10.2.        Pour leur part, B______, C______ Inc., D______ et E______ Inc. ont demandé CHF 20'000.- pour les quarante heures d’activité revendiquées par leur avocat. Outre que le tarif appliqué s’écarte de celui admis par la Cour pénale (cf. ACPR/131/2022 du 25 février 2022 consid. 6.1.), la justification concrète du travail accompli manque (cf. art. 433 al. 2 CPP); et le mémoire de recours est plus factuel que juridique, sans qu’on puisse y voir le fruit d’une semaine usuelle de labeur, qui plus est après la prolifique correspondance au dossier déjà vouée à ces aspects. Aussi sera-t-il alloué CHF 4'500.- aux recourants. La TVA n'est pas due (ATF 141 IV 344 consid. 4.1 p. 346).

* * * * *


 


PAR CES MOTIFS,
LA COUR :

Préalablement :

Joint les recours.

Cela fait :

Les admet partiellement, annule les ch. 2., 3. et 6. (en tant qu’y est ordonnée la destruction de faux relevés bancaires) du dispositif de la décision attaquée et renvoie la cause au Ministère public pour qu’il reprenne les investigations et statue à nouveau, au sens des considérants.

Les rejette pour le surplus.

Laisse les frais de l’instance à la charge de l’État.

Ordonne la restitution des sûretés versées.

Alloue à B______, C______ Inc., D______ et E______ Inc., créanciers solidaires, une indemnité de CHF 4'500.-, à la charge de l’État, pour leurs frais de défense dans la procédure de recours.

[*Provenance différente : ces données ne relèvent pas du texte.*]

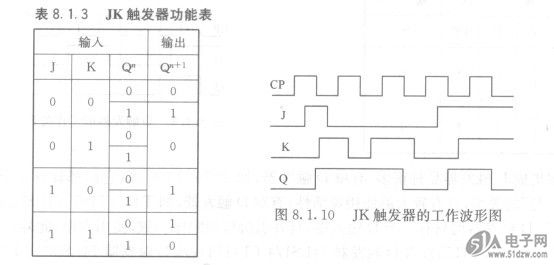 综上,jk触发器的逻辑功能可简记为:(触发器翻转状态对j,k端信号而言)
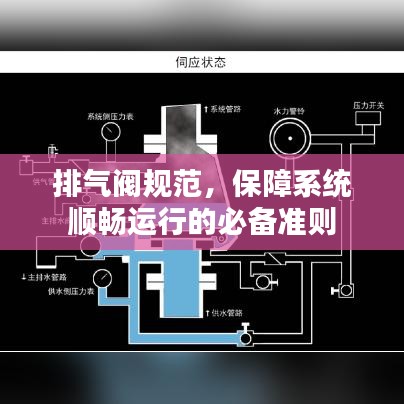 排气阀规范，保障系统顺畅运行的必备准则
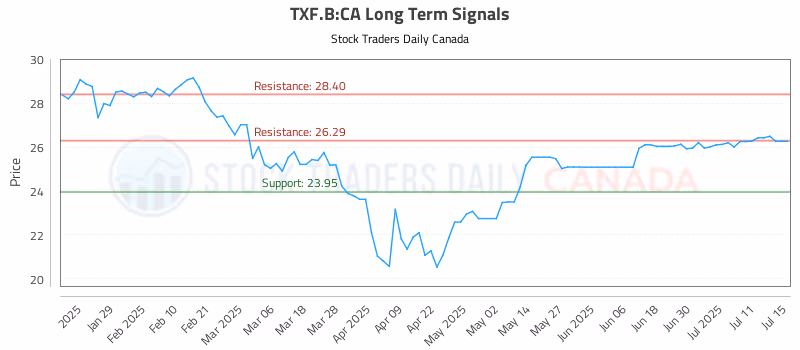 Stock Chart for TXF.B:CA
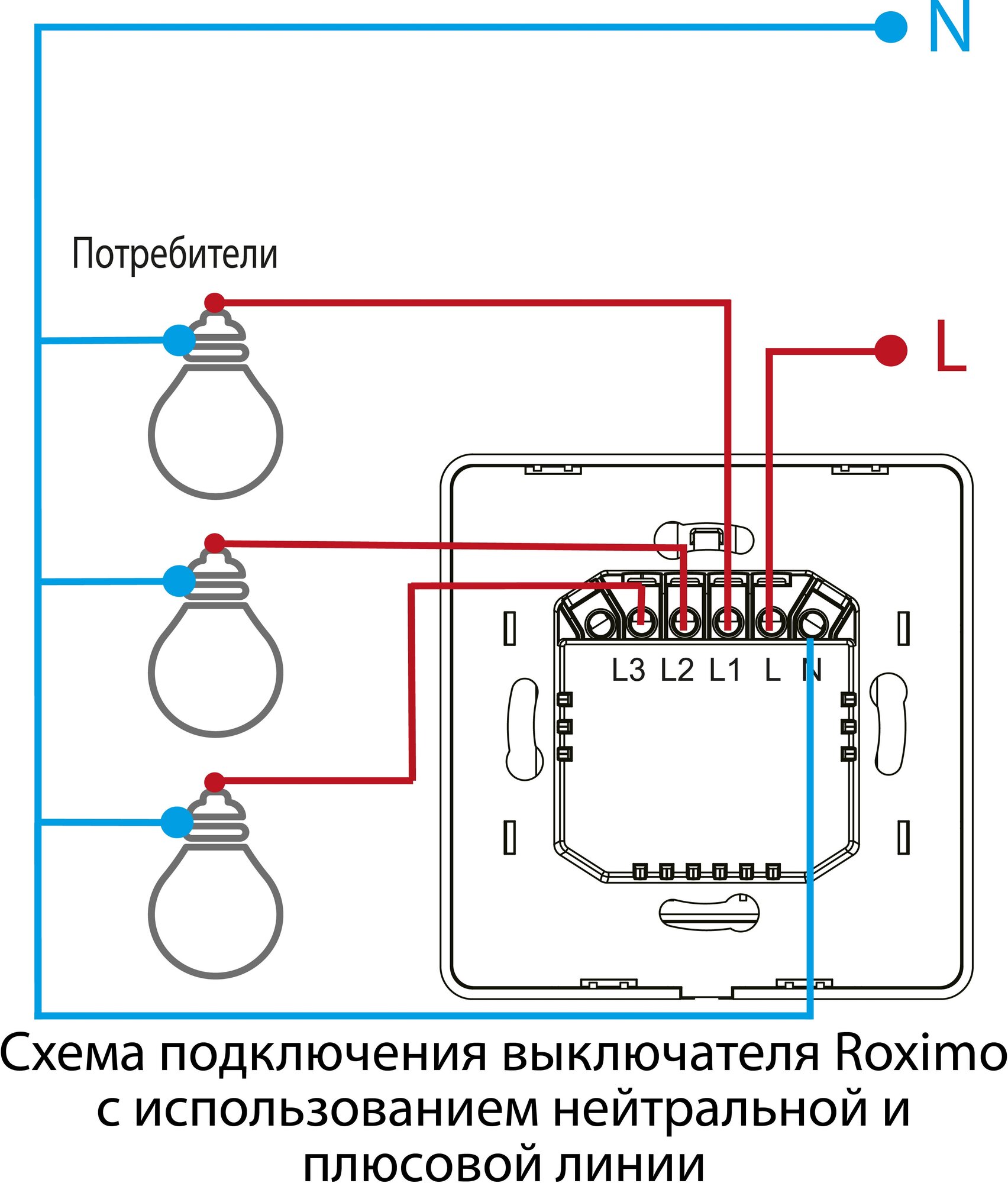 Умный выключатель ROXIMO, двухкнопочный, SWBTN01-2 - фотография № 2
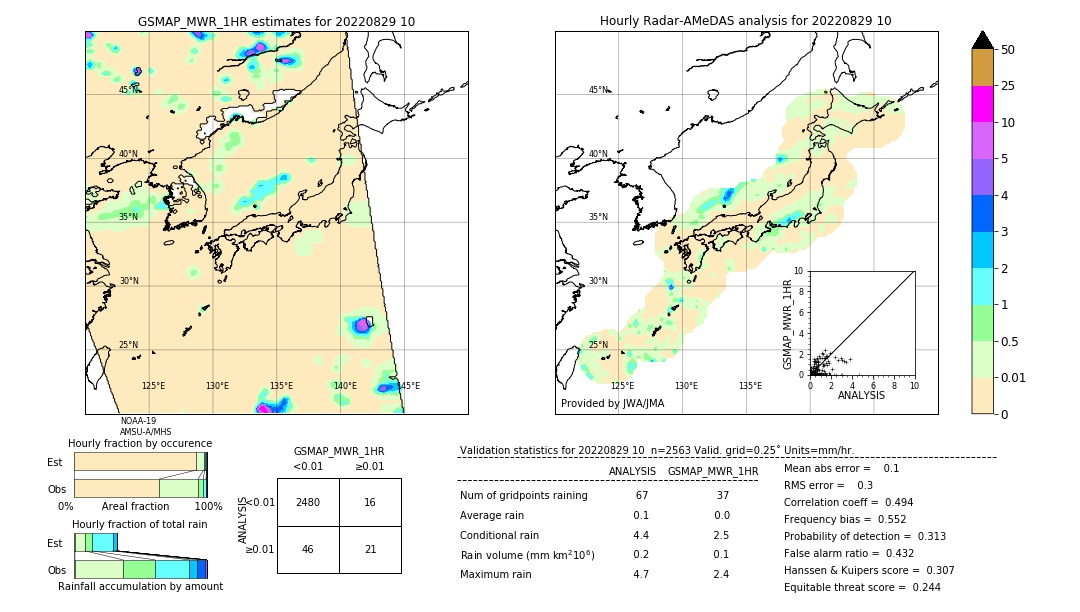 GSMaP MWR validation image. 2022/08/29 10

Notifie le présent arrêt, en copie, aux parties (soit pour elles leurs avocats) et au Ministère public.

Siégeant :

Madame Daniela CHIABUDINI, présidente; Monsieur Christian COQUOZ et Madame Corinne CHAPPUIS BUGNON, juges; Monsieur Julien CASEYS, greffier.

 

Le greffier :

Julien CASEYS

 

La présidente :

Daniela CHIABUDINI

 

 

 

 

Voie de recours :

 

Le Tribunal fédéral connaît, comme juridiction ordinaire de recours, des recours en matière pénale au sens de l'art. 78 de la loi sur le Tribunal fédéral du 17 juin 2005 (LTF; RS 173.110); la qualité et les autres conditions pour interjeter recours sont déterminées par les art. 78 à 81 et 90 ss LTF. Le recours doit être formé dans les trente jours qui suivent la notification de l'expédition complète de l'arrêt attaqué.

 

Le recours doit être adressé au Tribunal fédéral, 1000 Lausanne 14. Les mémoires doivent être remis au plus tard le dernier jour du délai, soit au Tribunal fédéral soit, à l'attention de ce dernier, à La Poste Suisse ou à une représentation diplomatique ou consulaire suisse (art. 48 al. 1 LTF).